For me, that question is a deal-breaker. It’s a question I ask in conversation: Do you defend the right the Cuban Revolution had to seize the properties of Americans and the bourgeoisie, even through the use of violence? When someone answers affirmatively, then I can really believe they care about the common people. That person and I can then talk about human rights, and wonder why the new republic born out of the revolution regressed in something as important as civil rights. We may debate profound issues.

But when someone says: ‘no, they shouldn’t have done that, it was an excess of Fidel’, then that person and I don’t have much left to discuss, for I recognize a person to whom human rights are nothing more than a spearhead to try to undermine the Cuban system.

Donald Trump and Marco Rubio do not care about democracy or human rights in Cuba. Their math is strictly election-driven. Behind them there are other forces interested in punishing the Cuban indiscipline. Faced with the challenges to American hegemony which are appearing across the continent, they want to use Cuba to send a disciplinary message: ‘See what happens to those who stand against us. They live in misery and eventually have to come around and bend the knee’. It is essential to realize that they represent the absolute worse threat to our possible democracy.

The strength of the Cuban system lies in the fact that it built a powerful legitimizing discourse, based on the experience of a generation which took control of its country and started a process of popular emancipation. With the blood and the ideas of the heroes, they laid the foundations to build a truly sovereign republic, an extremely hard thing to do in this part of the world. Having then lacked the knowledge or the ability to build a republic that lived up to those foundations is a whole different story.
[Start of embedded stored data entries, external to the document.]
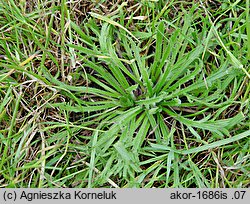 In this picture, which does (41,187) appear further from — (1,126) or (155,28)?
(155,28)

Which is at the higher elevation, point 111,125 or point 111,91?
point 111,91

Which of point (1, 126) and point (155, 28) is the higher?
point (155, 28)

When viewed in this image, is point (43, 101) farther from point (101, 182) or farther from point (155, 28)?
point (155, 28)

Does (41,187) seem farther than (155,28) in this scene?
No

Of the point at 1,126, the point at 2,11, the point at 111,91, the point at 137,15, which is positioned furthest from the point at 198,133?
the point at 2,11

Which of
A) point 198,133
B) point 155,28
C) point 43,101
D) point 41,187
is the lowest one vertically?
point 41,187

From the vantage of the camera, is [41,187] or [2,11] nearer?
[41,187]

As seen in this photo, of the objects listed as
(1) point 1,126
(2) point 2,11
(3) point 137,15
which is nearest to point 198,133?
(3) point 137,15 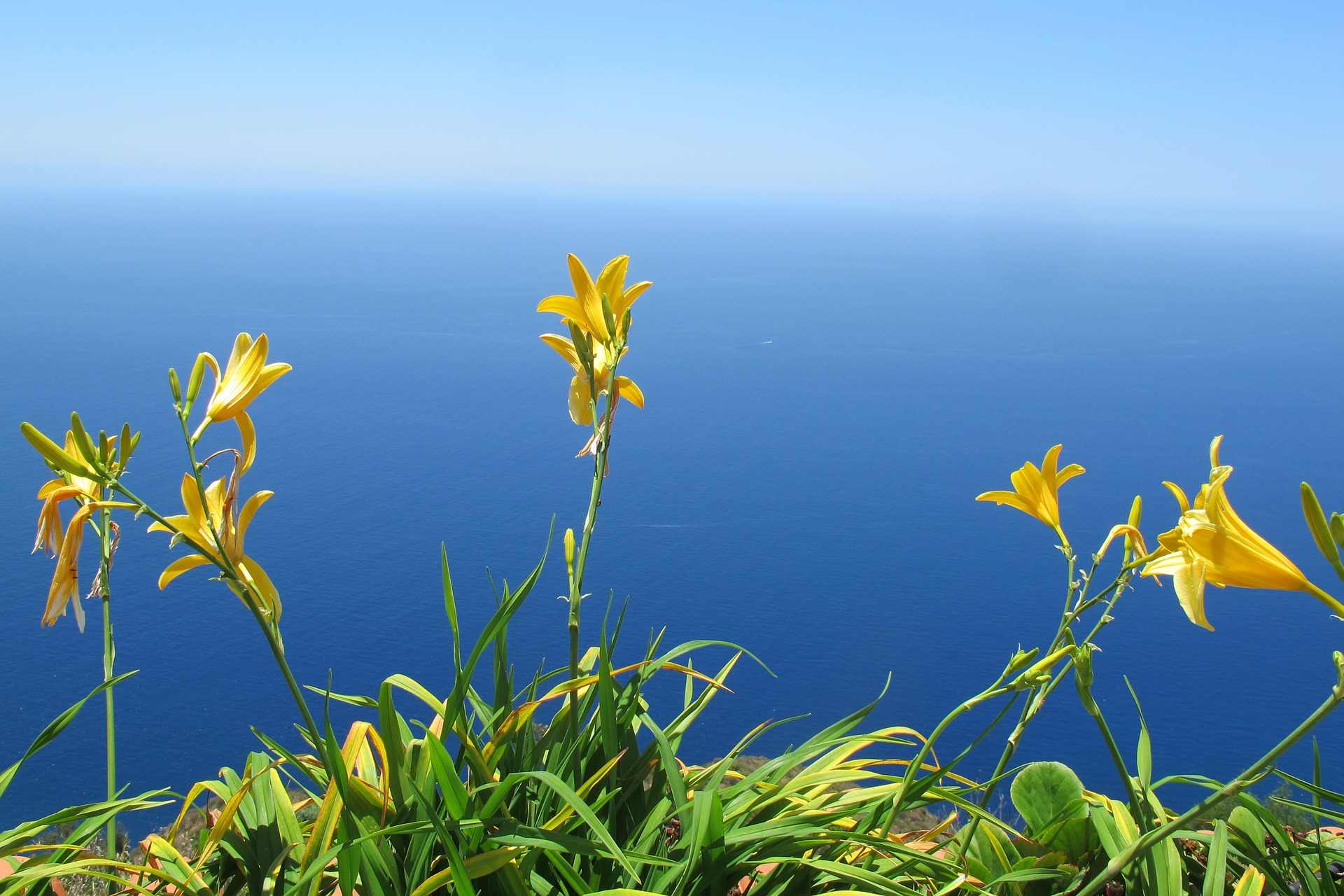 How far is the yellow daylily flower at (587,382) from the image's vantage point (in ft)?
3.87

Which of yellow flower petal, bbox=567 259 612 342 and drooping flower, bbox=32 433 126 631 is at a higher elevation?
yellow flower petal, bbox=567 259 612 342

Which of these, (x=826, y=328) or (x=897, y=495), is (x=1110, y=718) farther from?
(x=826, y=328)

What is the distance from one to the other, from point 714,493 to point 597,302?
4568cm

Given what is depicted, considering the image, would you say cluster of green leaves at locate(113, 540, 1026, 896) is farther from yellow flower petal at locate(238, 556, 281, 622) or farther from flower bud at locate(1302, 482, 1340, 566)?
flower bud at locate(1302, 482, 1340, 566)

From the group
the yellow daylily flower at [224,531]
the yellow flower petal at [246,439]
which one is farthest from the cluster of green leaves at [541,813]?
the yellow flower petal at [246,439]

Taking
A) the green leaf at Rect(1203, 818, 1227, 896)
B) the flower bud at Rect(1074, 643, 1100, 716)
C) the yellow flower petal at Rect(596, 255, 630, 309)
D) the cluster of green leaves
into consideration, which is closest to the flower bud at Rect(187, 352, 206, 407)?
the cluster of green leaves

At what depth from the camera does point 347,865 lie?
1.00 meters

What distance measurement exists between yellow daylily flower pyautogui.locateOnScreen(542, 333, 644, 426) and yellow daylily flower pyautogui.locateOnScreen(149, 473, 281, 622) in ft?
1.22

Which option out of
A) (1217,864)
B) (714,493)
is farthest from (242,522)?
(714,493)

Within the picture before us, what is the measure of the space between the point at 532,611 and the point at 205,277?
269ft

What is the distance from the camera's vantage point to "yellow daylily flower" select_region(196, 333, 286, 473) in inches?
39.8

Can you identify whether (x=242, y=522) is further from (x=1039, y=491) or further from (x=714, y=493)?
(x=714, y=493)

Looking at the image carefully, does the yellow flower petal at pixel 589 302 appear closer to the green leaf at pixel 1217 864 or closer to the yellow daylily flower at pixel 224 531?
the yellow daylily flower at pixel 224 531

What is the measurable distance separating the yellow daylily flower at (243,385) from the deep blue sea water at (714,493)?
2034cm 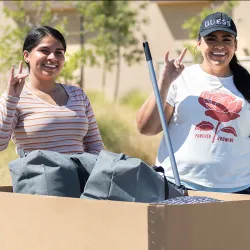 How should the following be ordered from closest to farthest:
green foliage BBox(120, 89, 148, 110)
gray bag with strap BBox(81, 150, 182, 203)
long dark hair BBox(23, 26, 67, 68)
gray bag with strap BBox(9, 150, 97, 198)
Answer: gray bag with strap BBox(81, 150, 182, 203)
gray bag with strap BBox(9, 150, 97, 198)
long dark hair BBox(23, 26, 67, 68)
green foliage BBox(120, 89, 148, 110)

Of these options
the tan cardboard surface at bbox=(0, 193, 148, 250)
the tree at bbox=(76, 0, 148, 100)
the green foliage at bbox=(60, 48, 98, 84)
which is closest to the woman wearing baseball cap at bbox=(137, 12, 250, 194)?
the tan cardboard surface at bbox=(0, 193, 148, 250)

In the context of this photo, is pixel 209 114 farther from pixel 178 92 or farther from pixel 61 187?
pixel 61 187

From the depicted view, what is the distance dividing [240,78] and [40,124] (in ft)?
3.58

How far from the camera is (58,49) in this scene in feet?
15.5

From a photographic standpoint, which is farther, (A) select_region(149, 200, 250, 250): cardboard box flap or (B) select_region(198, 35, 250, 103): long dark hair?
(B) select_region(198, 35, 250, 103): long dark hair

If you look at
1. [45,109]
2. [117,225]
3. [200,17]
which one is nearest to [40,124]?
[45,109]

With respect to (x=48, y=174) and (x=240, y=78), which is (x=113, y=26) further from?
(x=48, y=174)

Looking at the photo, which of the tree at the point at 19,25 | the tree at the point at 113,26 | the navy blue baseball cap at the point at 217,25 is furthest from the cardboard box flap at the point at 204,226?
the tree at the point at 113,26

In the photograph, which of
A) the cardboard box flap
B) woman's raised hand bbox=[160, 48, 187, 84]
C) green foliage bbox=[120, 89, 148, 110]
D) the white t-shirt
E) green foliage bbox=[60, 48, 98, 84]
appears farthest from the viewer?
green foliage bbox=[120, 89, 148, 110]

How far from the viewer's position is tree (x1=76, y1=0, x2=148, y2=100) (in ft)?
74.6

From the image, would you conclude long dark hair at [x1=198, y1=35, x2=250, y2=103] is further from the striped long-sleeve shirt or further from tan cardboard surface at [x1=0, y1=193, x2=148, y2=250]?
tan cardboard surface at [x1=0, y1=193, x2=148, y2=250]

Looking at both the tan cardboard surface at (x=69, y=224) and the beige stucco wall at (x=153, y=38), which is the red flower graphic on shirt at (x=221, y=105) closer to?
the tan cardboard surface at (x=69, y=224)

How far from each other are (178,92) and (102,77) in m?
20.4

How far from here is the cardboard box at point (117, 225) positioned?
321cm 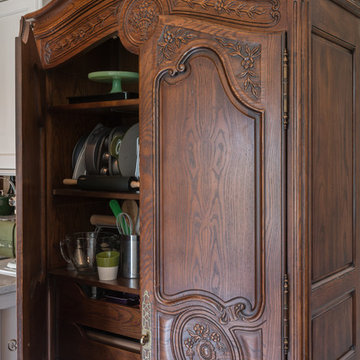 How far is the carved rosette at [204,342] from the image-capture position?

Human rights advocates often see things only partially, and they underestimate the danger that contemptuous North represents to any possible Cuban republic. At the same time, they hold in high esteem the civil rights discourse, whose performance for the benefit of the popular classes in our region has been mediocre, and they turn a blind eye to what’s right in front of them: the Cuban Revolution with its anti-colonial and counter-hegemonic character. They fail to see that, in our context, the civil rights discourse will be insufficient to found a truly sovereign republic, while it will be effective as a platform for the restoration of the same powers that existed before the Revolution.

Only by raising both flags will we advance in the right direction: the inalienable rights of each individual and the right to a community governed by social justice. That’s why, to clear the way, I always repeat the question: Do you defend the right the Cuban Revolution had to seize the properties of Americans and the bourgeoisie, even through the use of violence?